Marvin hatches another plan. He will send his daughter to Bea so that Iris can educate her on Julian’s character (Iris and Julian are still close). Once Bea knows more about Julian, she is to return to Paris — nevermind the inconvenience of leaving that terrible job — and, for once, do something worth while in fetching Julian. Iris shows up as planned; however, instead of educating Bea on Julian’s character she asks Bea to lie for her: she will go to Paris and fetch Julian and Bea will simply tell Marvin that Iris has decided to stay in New York a bit longer. Shocking Bea further, a week later, when Iris was to return, a letter arrives: Iris has decided — well, had always intended — to stay in Paris too. If things were at one time bad between Marvin and Bea, they are about to get much worse.

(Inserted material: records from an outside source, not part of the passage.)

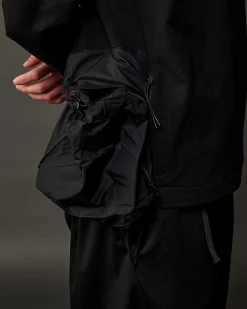 Metropolis Series Stretch Fleece Mixed Pocket Sweatshirt^C.P. Company Flash Sale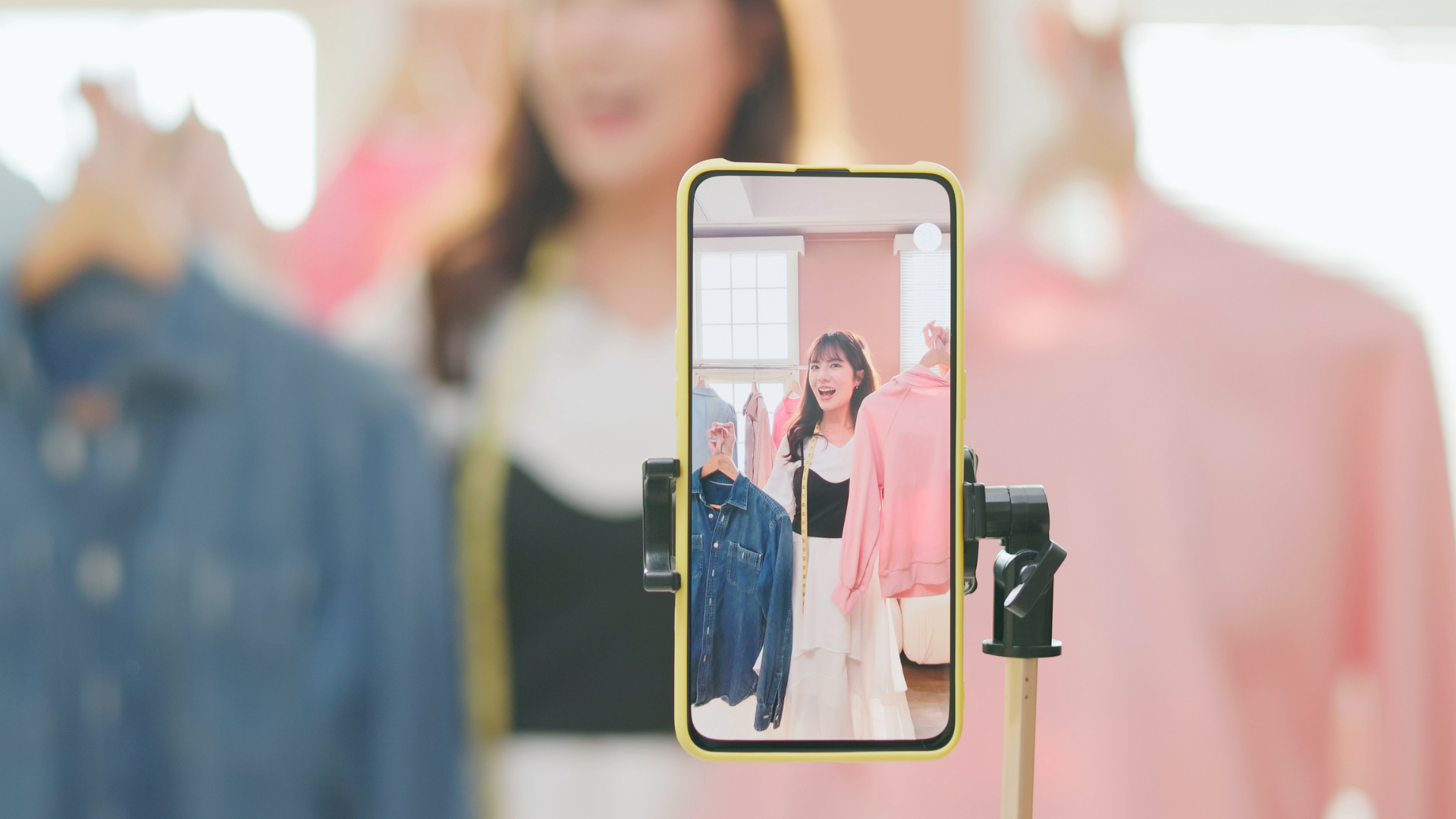 The Retail Revolution will be Live-Streamed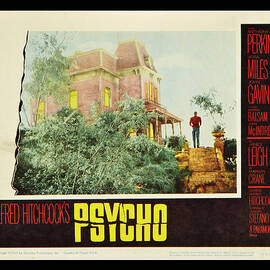 Psycho by Georgia Clare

However, just before Iris left for Paris, she hit a key on a grand piano that was taking up most of Bea’s apartment. The piano is a haunting reminder of Bea’s first marriage to Leo, an aspiring composer, which ended in failure and hurt (we meet Leo, and at one time he and Bea are face-to-face again; here are his thoughts: “Inconceivable that this unsmiling middle-aged woman could ever had been a wife, anyone’s wife. Certainly not his! Her ankles, those shoes. Even her wrist bones. She was dry all over. Were there breasts under that wool jacket?”). Bea could never get rid of that piano, which Leo simply abandoned, but she never had it make a sound. When Iris makes that note rings out, Bea has a flash of desire. When Iris’s letter comes from Paris, rather than tell Marvin what happened, and rather than just let her brothers’ family figure out their own mess, she returns to Paris herself.

Foreign Bodies, though not my favorite Ozick, has many of the strengths for which Ozick should be more widely read. Her sentences are filled with perfect words, and she can make the rhythm do whatever she likes, giving it a mournful tone here and a vibrant — sometimes even frenetic — tone there. Her characters, even though we don’t particularly like any of them (and there are a lot in this book), are alive to us. We may hate Marvin, we may hate Bea, we may hate Julian, Iris, Leo, Margaret, or, two I didn’t bring up here, Lili or the “Doctor,” but they each have a depth to them that few other writers could muster in their characters — if anything, I wanted more about each character. And through the entire book, under the surface of everything, are threads of themes and all come together — still under the surface. Ozick sums up an important one for us:

She thought: How hard it is to change one’s life.

And again she thought: How terrifyingly simple to change the lives of others.